Many of my speeches are given without notes, and I remember taking about two weeks to write it with input from Gore’s main speechwriter. Then my wife, Dana, and I together spent a good 10 days really reviewing the choice of every word. We wanted to make it a speech of inclusion, about all of us taking care of all of us.

After the first few sentences, I was delighted but surprised to find that there was applause after almost every line. A speech that was supposed to run eight minutes actually took 18 minutes to deliver. I was afraid that the networks would cut away to the local news, and I thought that might be sort of embarrassing. But it didn’t happen. I came offstage—I think it was already a quarter past 11—and I went by the media pool, and suddenly there was this sea of television-camera light, and the correspondents all wanted a word. So, I figured if it had been a crashing bore, they would have let me go by.

 

Harold M. Ickes

White House deputy chief of staff

I didn’t find out [about the Dick Morris sex scandal] until the morning of the acceptance speech. The first thing to do was to verify. I think I talked to the president to find out what he knew. You’re always worried about some story like this. You never know what the facts are and who it was going to implicate. It was hard to see that it would be a big deal, but conventions are hothouses. What you don’t know is everyone who’s involved and what everyone knows about the story, and that’s always the big worry. Fortunately, it didn’t go anywhere beyond Dick Morris.

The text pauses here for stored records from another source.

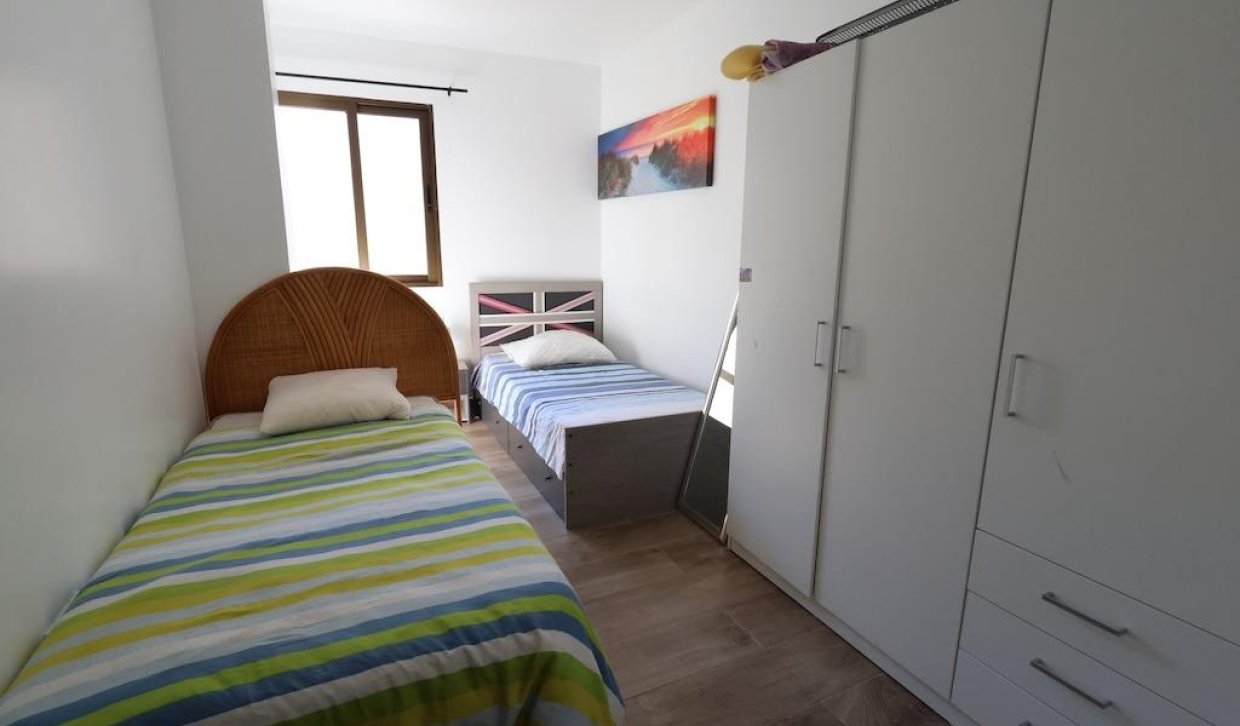 Odsprzedaż - Mieszkanie w bloku - Torrevieja - Centro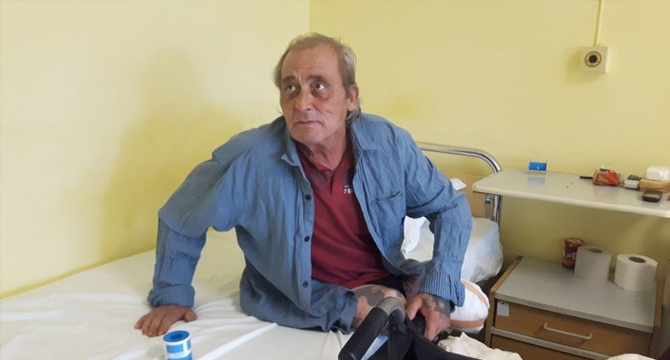 Бездомникът Валентин живее вече месец в УМБАЛ Бургас. Търси помощ за настаняване в дом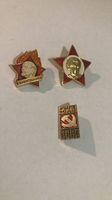 3 Anstecker Pins  Russischer Präsident und Andenken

The story did take on a short life—it was not pretty to have a top aide to the president sucking toes in the off-hours. I think people wanted to get Dick out of circulation quickly, because his penchant for destroying others is a well-known quality when he himself is at risk. We found out about it, and we moved very quickly, getting him off the payroll, and getting him out of the campaign, and getting him out of Chicago. The Clinton operation was never known for cutting stuff off quick, but that’s one time we moved very quickly.